START Supplied data

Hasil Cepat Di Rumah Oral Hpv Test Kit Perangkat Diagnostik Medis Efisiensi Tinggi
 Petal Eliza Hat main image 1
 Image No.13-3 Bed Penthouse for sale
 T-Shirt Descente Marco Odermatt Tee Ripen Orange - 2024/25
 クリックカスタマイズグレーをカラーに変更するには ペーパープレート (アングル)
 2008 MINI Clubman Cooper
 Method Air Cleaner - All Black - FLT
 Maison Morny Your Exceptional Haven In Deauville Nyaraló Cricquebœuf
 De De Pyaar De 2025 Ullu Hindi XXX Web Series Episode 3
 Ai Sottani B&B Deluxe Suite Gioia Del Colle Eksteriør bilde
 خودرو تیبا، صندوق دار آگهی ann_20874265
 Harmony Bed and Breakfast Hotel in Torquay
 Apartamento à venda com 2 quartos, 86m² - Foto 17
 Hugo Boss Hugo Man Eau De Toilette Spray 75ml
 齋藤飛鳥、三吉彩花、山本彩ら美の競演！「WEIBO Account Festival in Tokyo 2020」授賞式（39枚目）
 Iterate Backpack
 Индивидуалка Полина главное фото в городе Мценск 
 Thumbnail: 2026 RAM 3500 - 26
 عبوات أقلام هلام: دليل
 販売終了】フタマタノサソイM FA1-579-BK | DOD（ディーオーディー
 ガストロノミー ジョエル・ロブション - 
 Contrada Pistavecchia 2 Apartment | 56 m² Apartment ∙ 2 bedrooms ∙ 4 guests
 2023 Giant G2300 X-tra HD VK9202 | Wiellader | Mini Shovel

END Supplied data

### Task
For this exercise, output exactly the lines above from the line with "Image No.13-3 Bed Penthouse for sale" to the line with "Maison Morny Your", counting both, and leave out the rest.

### Task output
 Image No.13-3 Bed Penthouse for sale
 T-Shirt Descente Marco Odermatt Tee Ripen Orange - 2024/25
 クリックカスタマイズグレーをカラーに変更するには ペーパープレート (アングル)
 2008 MINI Clubman Cooper
 Method Air Cleaner - All Black - FLT
 Maison Morny Your Exceptional Haven In Deauville Nyaraló Cricquebœuf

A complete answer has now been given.